Scraped caption text data:
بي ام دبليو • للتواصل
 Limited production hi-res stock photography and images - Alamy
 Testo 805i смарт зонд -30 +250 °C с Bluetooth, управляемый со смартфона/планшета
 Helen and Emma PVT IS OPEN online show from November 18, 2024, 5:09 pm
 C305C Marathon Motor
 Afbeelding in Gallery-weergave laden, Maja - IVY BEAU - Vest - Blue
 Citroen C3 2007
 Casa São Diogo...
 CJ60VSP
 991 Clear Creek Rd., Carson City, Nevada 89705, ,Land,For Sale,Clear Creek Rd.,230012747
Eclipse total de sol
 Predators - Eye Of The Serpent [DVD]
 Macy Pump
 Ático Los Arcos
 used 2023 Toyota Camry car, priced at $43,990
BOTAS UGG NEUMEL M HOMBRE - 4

ASSIGNMENT:
The response must restate every entry word for word.

THE ANSWER:
بي ام دبليو • للتواصل
 Limited production hi-res stock photography and images - Alamy
 Testo 805i смарт зонд -30 +250 °C с Bluetooth, управляемый со смартфона/планшета
 Helen and Emma PVT IS OPEN online show from November 18, 2024, 5:09 pm
 C305C Marathon Motor
 Afbeelding in Gallery-weergave laden, Maja - IVY BEAU - Vest - Blue
 Citroen C3 2007
 Casa São Diogo...
 CJ60VSP
 991 Clear Creek Rd., Carson City, Nevada 89705, ,Land,For Sale,Clear Creek Rd.,230012747
Eclipse total de sol
 Predators - Eye Of The Serpent [DVD]
 Macy Pump
 Ático Los Arcos
 used 2023 Toyota Camry car, priced at $43,990
BOTAS UGG NEUMEL M HOMBRE - 4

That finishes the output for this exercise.